Walgreens Boots Alliance Inc. and Rite Aid Corp. pushed out the deadline to close their $9.4 billion merger to next year amid delays in selling stores the two sides have to divest to get the deal past federal regulators.
The companies now expect to close the deal in early 2017, as the previous timetable of completing the transaction by the end of this year is no longer feasible. The companies expect to agree to sell between 500 and 1,000 stores by the end of 2016, though any transactions will also require approval from the Federal Trade Commission.
The delay is the latest adjustment to a deal that was announced almost one year ago after Walgreens said in September it would have to divest more stores than it previously expected. And it comes at a time when federal authorities have scuttled several other transactions, including the merger of Staples Inc. and Office Depot Inc. and Electrolux AB’s acquisition of General Electric Co.’s appliance business.

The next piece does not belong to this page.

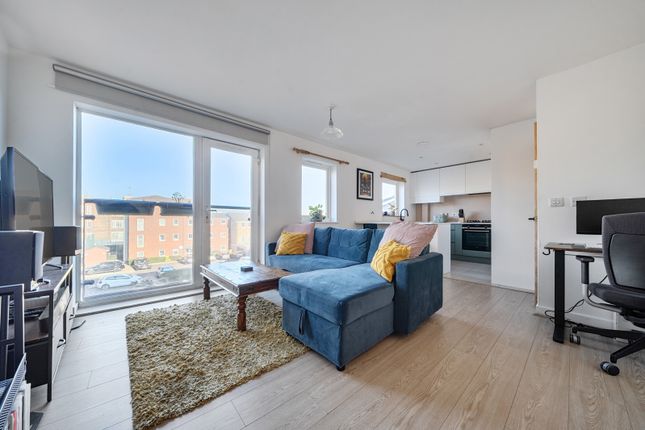 Flat 6, 3, Calypso Crescent, London photo 2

The protracted process has raised doubts as to whether the deal will reach the finish line. Rite-Aid shares have persistently traded well below the $9 a share offered by Walgreens and dipped below $6 earlier this week. However, both sides have continued to express confidence that they will eventually get the green light to merge.
But the affirmation that the deal is on track was cheered in markets. In morning trading Thursday, Rite-Aid shares rose 7.9% to $7.18 and Walgreens shares rose 3.8% to $80.07.
Meanwhile, Walgreens continues to push its plan to win more pharmacy customers, improve margins in its U.S. stores and cut costs throughout its enterprise. Thursday, Walgreens posted an increase in fourth-quarter profit as revenue edged higher.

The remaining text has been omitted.